This past week, Lord Lawson, who sits on the House of Lords Economic Affairs Committee, stated concern over the British accounting standards. Despite concerns from the House of Lords, the Department of Business, and business experts, Britain’s accounting authority is pushing ahead to release international auditing rules that will be required to be adopted by all UK businesses except those considered small businesses.
The Accounting Standards Board (ASB) plans to examine and expand to the International Financial Reporting Standards (IFRS). The new system will cost an estimated 78.9 million pounds to introduce across the business community, but the ABS insists the cost will be well worth it. Critics however see the move as potentially dangerous for shareholders of major companies as it could miss major flaws since the new system will reduce the steps in auditing. Currently the IFRS is used in more than 100 countries.
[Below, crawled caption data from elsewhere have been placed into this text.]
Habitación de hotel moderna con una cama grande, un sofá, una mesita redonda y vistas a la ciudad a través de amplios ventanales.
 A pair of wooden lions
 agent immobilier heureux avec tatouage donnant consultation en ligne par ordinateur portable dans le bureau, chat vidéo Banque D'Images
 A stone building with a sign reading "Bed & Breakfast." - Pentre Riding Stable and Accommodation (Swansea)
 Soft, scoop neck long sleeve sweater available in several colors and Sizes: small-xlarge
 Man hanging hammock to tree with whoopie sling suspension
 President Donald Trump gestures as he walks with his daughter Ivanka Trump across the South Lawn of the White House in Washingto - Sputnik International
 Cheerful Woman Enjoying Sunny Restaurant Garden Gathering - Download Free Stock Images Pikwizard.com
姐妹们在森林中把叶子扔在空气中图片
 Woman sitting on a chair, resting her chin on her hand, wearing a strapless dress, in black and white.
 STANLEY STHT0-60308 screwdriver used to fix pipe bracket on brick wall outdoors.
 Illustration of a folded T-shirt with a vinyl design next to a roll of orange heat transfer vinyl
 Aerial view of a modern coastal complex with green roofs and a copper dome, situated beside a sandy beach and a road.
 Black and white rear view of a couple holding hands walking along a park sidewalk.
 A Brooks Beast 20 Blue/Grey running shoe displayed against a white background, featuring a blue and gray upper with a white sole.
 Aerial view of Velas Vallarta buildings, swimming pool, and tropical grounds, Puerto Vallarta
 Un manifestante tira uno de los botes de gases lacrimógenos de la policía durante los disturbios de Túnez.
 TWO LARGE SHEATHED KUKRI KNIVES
The US is being pushed to adopt the IFRS over the currently used Generally Accepted Accounting Principles which is used by publicly traded companies. The US Securities and Exchange Commission stated on Friday that they will not make a decision on transitioning companies to international accounting rules until 2011.
UK critics see the new standards as a way to make work easier for accountants. They also see the system as leaving vital issues covered and less transparent as the ASB seeks to simplify the current rules. The rule book will be reduced from 2,000 pages to 400. The scope for auditing errors will also be reduced.
The system was scrutinized and debated for almost 6 years and will be expected to be fully in place by the summer of 2013. Transition costs for companies of medium to large size are expected to average 80 million pounds.
David Loweth of the ASB denied that the accounting profession had the most to gain from the changes of the new system. In an interview with The Daily Telegraph he said: “The new standards would modernise and simplify the accounting system which would provide clearer views on financial statements for the benefit of investors and company owners.”
Andrew Davies, an Ernst & Young partner, said: “The jury is still out as to whether the proposed changes are an additional benefit to the users of all financial statements impacted by them.”
One critic called for a two year delay in the transition. “Changing accounting standards with a weak economy could prove an unwelcome distraction for private businesses, many of which will be focusing on strategies for survival,” said Phil Crooks, head of audit at Grant Thornton’s UK arm.